A name is reusable when a program supplies it explicitly to the CM transport creation call. When a CM transport with a reusable name also has a file-based ledger, it operates as an instance of a persistent correspondent—which allows continuity of certified delivery beyond transport invalidation and program restarts (for more information, see Persistent Correspondents).
Two CM transports must not bind the same reusable name—that is, at any moment in time, each reusable name must be unique throughout the network. CM transports may reuse a name sequentially, but not simultaneously. Violating this rule can significantly obstruct certified delivery.
Programs may omit the name from the CM transport creation call—in which case the call generates a unique, non-reusable name for the CM transport. No other CM transport on any computer can ever have the same name. As a result, a CM transport with a non-reusable name operates as a transient correspondent—no subsequent CM transport can continue the certified delivery behavior of a transient CM transport.
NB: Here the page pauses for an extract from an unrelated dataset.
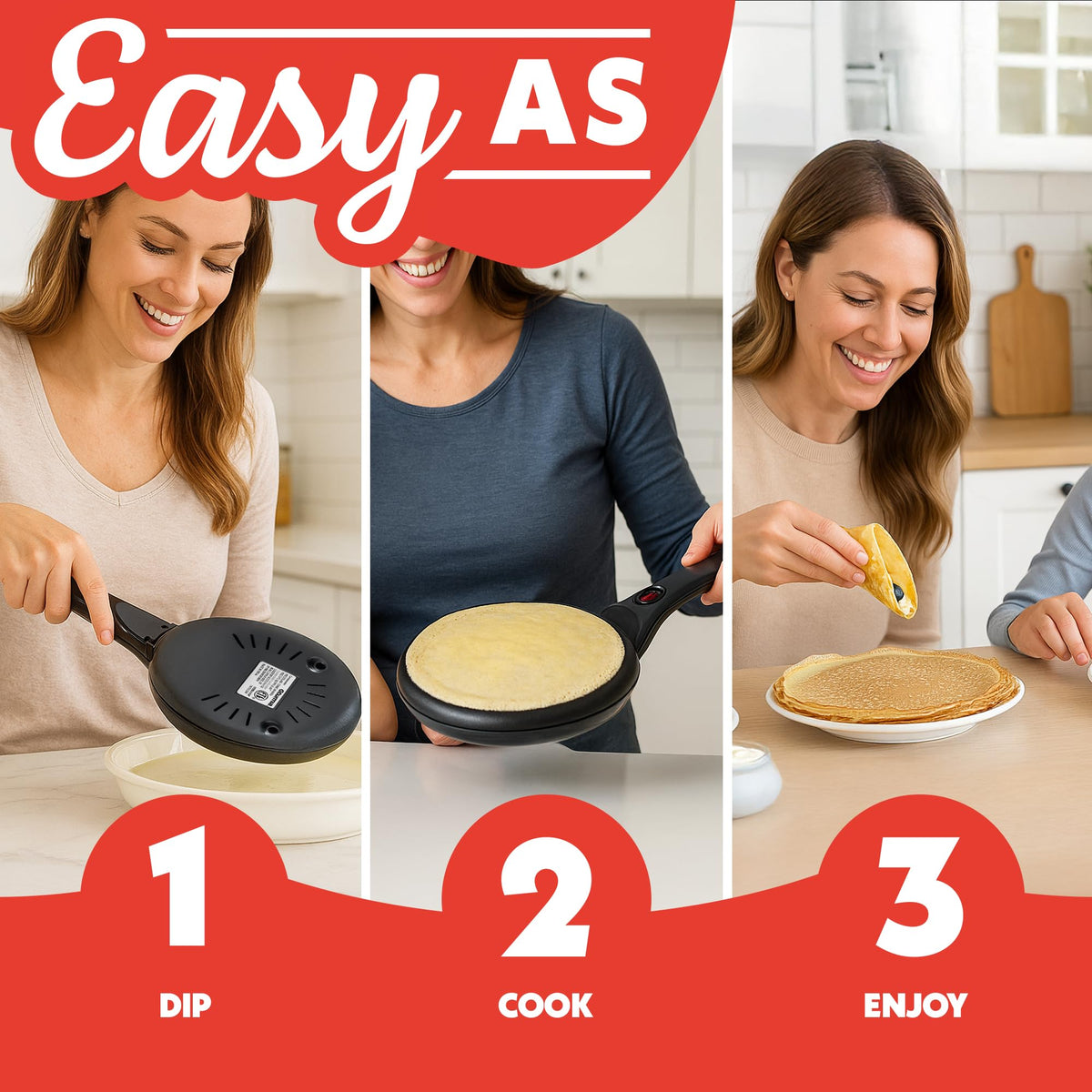 Gourmia batter tray in use for mess-free coating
Correspondent names have the same syntax as Rendezvous subject names. For more information about the syntax of reusable names, and good practice when selecting a reusable name, see Reusable Names. For further details about the syntax of Rendezvous subject names, see Subject Names.
Ledger
Each CM transport keeps a ledger, in which it records information about every unresolved outbound certified message, every subject for which this CM transport receives (inbound) certified messages, and other cooperating CM transports.
Programs may store the ledger in a ledger file, or in process-based storage within the running program. (Even when a CM transport uses a ledger file, it may sometimes replicate parts of the ledger in process-based storage for efficiency; however, programmers cannot rely on this replication.)
Ledger files must be unique. That is, two CM transports must not use the same ledger file (concurrently).
A CM transport with a file-based ledger and a reusable name qualifies as a persistent correspondent, with certified delivery behavior that can extend beyond CM transport destruction.